Would you set down every entry again, exactly as written?

Material for the task below:

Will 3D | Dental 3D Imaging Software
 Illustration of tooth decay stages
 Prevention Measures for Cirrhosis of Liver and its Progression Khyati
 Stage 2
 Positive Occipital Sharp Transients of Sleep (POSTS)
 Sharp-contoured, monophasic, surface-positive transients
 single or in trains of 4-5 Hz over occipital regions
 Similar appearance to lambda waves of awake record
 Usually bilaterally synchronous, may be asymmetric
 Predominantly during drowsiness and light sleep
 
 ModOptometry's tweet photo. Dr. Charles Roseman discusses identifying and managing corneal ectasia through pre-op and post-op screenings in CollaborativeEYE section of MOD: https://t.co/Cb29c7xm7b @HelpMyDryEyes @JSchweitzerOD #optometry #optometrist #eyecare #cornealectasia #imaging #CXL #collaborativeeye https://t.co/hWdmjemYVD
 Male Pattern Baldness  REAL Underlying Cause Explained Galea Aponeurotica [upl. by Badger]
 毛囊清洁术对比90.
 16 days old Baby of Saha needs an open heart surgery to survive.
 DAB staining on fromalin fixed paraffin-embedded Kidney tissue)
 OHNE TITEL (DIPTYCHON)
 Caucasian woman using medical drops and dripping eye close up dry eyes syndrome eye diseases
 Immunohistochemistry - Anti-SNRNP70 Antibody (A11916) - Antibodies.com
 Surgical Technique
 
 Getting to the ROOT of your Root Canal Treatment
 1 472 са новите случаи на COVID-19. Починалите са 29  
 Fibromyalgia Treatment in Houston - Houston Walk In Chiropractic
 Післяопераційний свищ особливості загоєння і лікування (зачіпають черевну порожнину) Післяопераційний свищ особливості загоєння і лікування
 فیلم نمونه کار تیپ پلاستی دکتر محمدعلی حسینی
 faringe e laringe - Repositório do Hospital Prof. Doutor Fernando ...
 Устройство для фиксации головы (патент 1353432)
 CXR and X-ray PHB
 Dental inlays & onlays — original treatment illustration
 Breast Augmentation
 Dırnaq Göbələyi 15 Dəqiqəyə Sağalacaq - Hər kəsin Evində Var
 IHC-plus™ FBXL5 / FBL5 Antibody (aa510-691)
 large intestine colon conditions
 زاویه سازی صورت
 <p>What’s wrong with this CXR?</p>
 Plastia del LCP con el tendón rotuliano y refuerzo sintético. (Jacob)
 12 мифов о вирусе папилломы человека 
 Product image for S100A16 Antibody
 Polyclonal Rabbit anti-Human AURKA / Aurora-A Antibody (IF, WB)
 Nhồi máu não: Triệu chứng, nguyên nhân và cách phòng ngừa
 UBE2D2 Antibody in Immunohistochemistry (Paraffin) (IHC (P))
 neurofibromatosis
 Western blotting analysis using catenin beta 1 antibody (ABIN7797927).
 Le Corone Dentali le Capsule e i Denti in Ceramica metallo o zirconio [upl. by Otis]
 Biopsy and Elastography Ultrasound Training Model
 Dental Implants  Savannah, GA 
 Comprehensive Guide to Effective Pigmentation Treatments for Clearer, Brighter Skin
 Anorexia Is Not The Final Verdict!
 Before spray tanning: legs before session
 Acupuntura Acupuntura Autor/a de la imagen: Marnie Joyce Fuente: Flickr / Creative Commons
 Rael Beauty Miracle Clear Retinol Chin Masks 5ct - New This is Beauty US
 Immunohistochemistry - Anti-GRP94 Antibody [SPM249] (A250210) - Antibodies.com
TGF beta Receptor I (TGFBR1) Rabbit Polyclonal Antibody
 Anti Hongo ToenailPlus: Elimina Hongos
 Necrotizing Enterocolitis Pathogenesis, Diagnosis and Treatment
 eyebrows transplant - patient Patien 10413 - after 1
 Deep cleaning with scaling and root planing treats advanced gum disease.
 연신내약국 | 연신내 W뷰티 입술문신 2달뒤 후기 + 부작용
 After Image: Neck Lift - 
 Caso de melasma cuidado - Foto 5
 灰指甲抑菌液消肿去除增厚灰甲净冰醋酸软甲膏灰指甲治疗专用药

End of Material for the task.

■ Completed exercise:
Will 3D | Dental 3D Imaging Software
 Illustration of tooth decay stages
 Prevention Measures for Cirrhosis of Liver and its Progression Khyati
 Stage 2
 Positive Occipital Sharp Transients of Sleep (POSTS)
 Sharp-contoured, monophasic, surface-positive transients
 single or in trains of 4-5 Hz over occipital regions
 Similar appearance to lambda waves of awake record
 Usually bilaterally synchronous, may be asymmetric
 Predominantly during drowsiness and light sleep
 
 ModOptometry's tweet photo. Dr. Charles Roseman discusses identifying and managing corneal ectasia through pre-op and post-op screenings in CollaborativeEYE section of MOD: https://t.co/Cb29c7xm7b @HelpMyDryEyes @JSchweitzerOD #optometry #optometrist #eyecare #cornealectasia #imaging #CXL #collaborativeeye https://t.co/hWdmjemYVD
 Male Pattern Baldness  REAL Underlying Cause Explained Galea Aponeurotica [upl. by Badger]
 毛囊清洁术对比90.
 16 days old Baby of Saha needs an open heart surgery to survive.
 DAB staining on fromalin fixed paraffin-embedded Kidney tissue)
 OHNE TITEL (DIPTYCHON)
 Caucasian woman using medical drops and dripping eye close up dry eyes syndrome eye diseases
 Immunohistochemistry - Anti-SNRNP70 Antibody (A11916) - Antibodies.com
 Surgical Technique
 
 Getting to the ROOT of your Root Canal Treatment
 1 472 са новите случаи на COVID-19. Починалите са 29  
 Fibromyalgia Treatment in Houston - Houston Walk In Chiropractic
 Післяопераційний свищ особливості загоєння і лікування (зачіпають черевну порожнину) Післяопераційний свищ особливості загоєння і лікування
 فیلم نمونه کار تیپ پلاستی دکتر محمدعلی حسینی
 faringe e laringe - Repositório do Hospital Prof. Doutor Fernando ...
 Устройство для фиксации головы (патент 1353432)
 CXR and X-ray PHB
 Dental inlays & onlays — original treatment illustration
 Breast Augmentation
 Dırnaq Göbələyi 15 Dəqiqəyə Sağalacaq - Hər kəsin Evində Var
 IHC-plus™ FBXL5 / FBL5 Antibody (aa510-691)
 large intestine colon conditions
 زاویه سازی صورت
 <p>What’s wrong with this CXR?</p>
 Plastia del LCP con el tendón rotuliano y refuerzo sintético. (Jacob)
 12 мифов о вирусе папилломы человека 
 Product image for S100A16 Antibody
 Polyclonal Rabbit anti-Human AURKA / Aurora-A Antibody (IF, WB)
 Nhồi máu não: Triệu chứng, nguyên nhân và cách phòng ngừa
 UBE2D2 Antibody in Immunohistochemistry (Paraffin) (IHC (P))
 neurofibromatosis
 Western blotting analysis using catenin beta 1 antibody (ABIN7797927).
 Le Corone Dentali le Capsule e i Denti in Ceramica metallo o zirconio [upl. by Otis]
 Biopsy and Elastography Ultrasound Training Model
 Dental Implants  Savannah, GA 
 Comprehensive Guide to Effective Pigmentation Treatments for Clearer, Brighter Skin
 Anorexia Is Not The Final Verdict!
 Before spray tanning: legs before session
 Acupuntura Acupuntura Autor/a de la imagen: Marnie Joyce Fuente: Flickr / Creative Commons
 Rael Beauty Miracle Clear Retinol Chin Masks 5ct - New This is Beauty US
 Immunohistochemistry - Anti-GRP94 Antibody [SPM249] (A250210) - Antibodies.com
TGF beta Receptor I (TGFBR1) Rabbit Polyclonal Antibody
 Anti Hongo ToenailPlus: Elimina Hongos
 Necrotizing Enterocolitis Pathogenesis, Diagnosis and Treatment
 eyebrows transplant - patient Patien 10413 - after 1
 Deep cleaning with scaling and root planing treats advanced gum disease.
 연신내약국 | 연신내 W뷰티 입술문신 2달뒤 후기 + 부작용
 After Image: Neck Lift - 
 Caso de melasma cuidado - Foto 5
 灰指甲抑菌液消肿去除增厚灰甲净冰醋酸软甲膏灰指甲治疗专用药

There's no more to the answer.